The task: The expected response is a copy of every line in the entries below that includes the word "para".

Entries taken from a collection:
◇ ◇ ◇

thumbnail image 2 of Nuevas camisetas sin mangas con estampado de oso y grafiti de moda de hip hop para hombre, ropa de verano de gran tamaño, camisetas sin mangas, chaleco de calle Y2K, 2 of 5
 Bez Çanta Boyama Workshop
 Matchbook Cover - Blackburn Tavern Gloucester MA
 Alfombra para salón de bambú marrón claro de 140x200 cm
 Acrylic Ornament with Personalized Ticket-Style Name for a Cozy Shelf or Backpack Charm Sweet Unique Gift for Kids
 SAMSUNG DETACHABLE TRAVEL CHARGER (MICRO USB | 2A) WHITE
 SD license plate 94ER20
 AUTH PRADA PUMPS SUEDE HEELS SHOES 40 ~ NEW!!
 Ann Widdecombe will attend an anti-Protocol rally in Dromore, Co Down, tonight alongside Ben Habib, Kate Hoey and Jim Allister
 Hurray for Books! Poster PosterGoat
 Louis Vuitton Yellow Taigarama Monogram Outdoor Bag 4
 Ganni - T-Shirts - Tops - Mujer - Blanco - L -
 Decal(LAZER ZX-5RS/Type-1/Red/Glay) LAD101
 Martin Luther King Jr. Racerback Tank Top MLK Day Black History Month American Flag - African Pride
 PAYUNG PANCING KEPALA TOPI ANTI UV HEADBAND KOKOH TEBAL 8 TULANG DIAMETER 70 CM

◇ ◇ ◇

Task response:
thumbnail image 2 of Nuevas camisetas sin mangas con estampado de oso y grafiti de moda de hip hop para hombre, ropa de verano de gran tamaño, camisetas sin mangas, chaleco de calle Y2K, 2 of 5
 Alfombra para salón de bambú marrón claro de 140x200 cm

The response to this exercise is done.